I'm surprised that it's come down to two photos and one of them is a landscape:
* theoldsmithy
* serhan

Both have at least 3 layers and both have close foreground elements that make me feel like I'm in the scene. serhan's image feels a bit weaker to me because there are three strong elements that are vying for my attention, vs theoldsmitty's photo where the center tree (and possibly an animal of some sort near it) is clearly the focal point. On the other hand, I found myself staring at serhan's photo more often because there's more to explore, which I think is one of the features that makes me want to improve my ability to create a layered composition.

In the end, I have to choose one, so it'll be serhan's because of the additional interest it has. Congratulations!

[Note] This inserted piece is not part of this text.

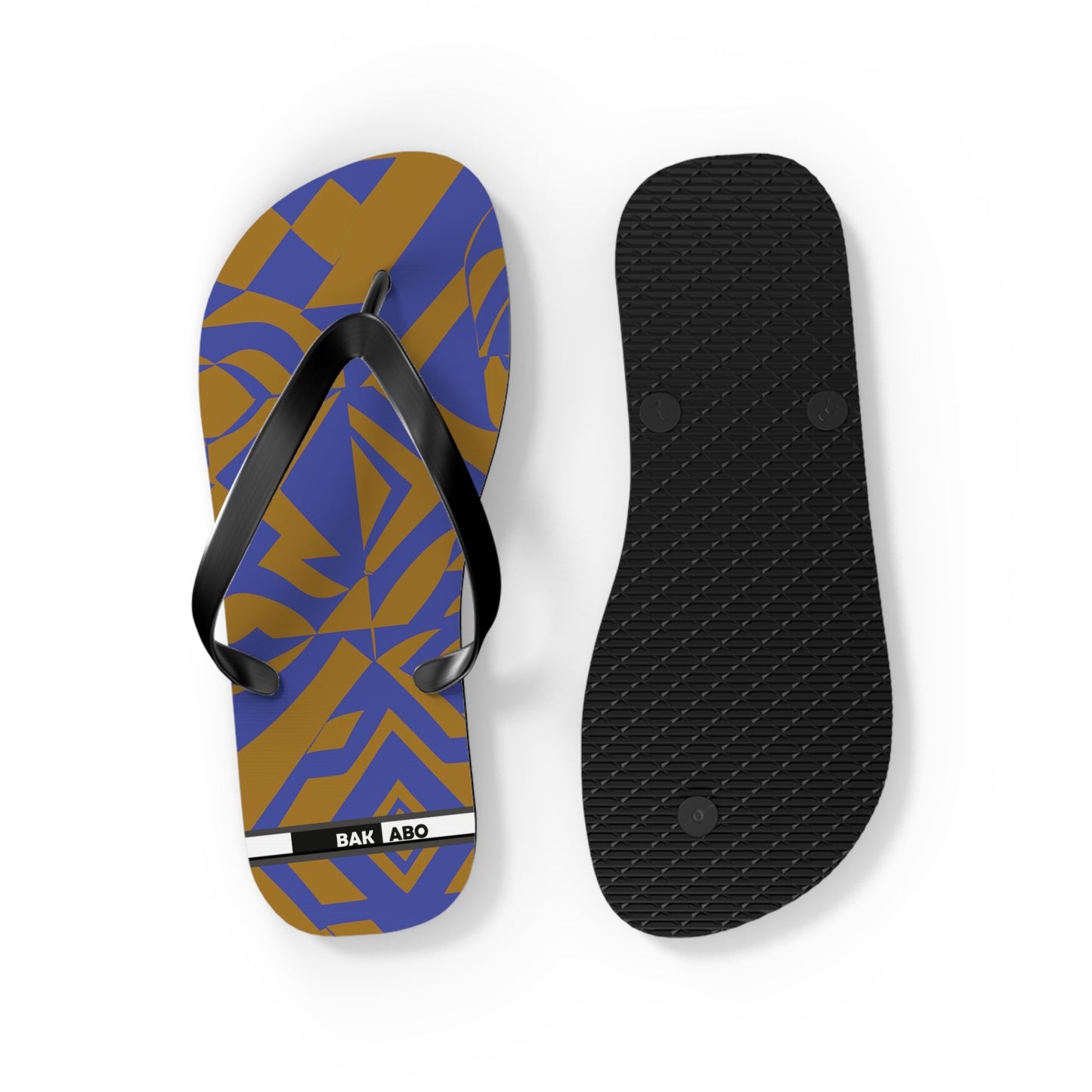 Abstract Blue & Gold Flip Flops — Tropical Geometric Beach Sandals Printify bakabo.club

And thank you to everyone for participating!
 

mumu

Regular
What a great idea for a photo Challenge - thank you for thinking 'outside the box', mumu.
Eric Kim makes some great points in the video you posted, as well. Definitely worthy of thought.
My entry was taken more than a year ago, when I was in Mexico City. I was riding on the 'Metrobus', an urban transportation system which works more like an above-ground-Subway on wheels, rather than what one thinks of as a bus. The 35mm lens on my camera - a Sony R1xr that is no longer with me - was just wide enough to get most of the width of the Metrobus in frame. I wasn't thinking of composition when I took the photo - I was really hoping to capture some of the faces - and vibes - which surrounded me. And the fact that most of my fellow passengers seemed to either be lost in their own inner worlds, or possibly trying to remove themselves from the onus of daily reality. Or maybe something else entirely. But this picture just feels more like a lucky accident than anything else.

View attachment 246460
Would it be ok if I did an edit on this photo and post it here? I'm wondering what it'd look like in B&W and with some dodging/burning.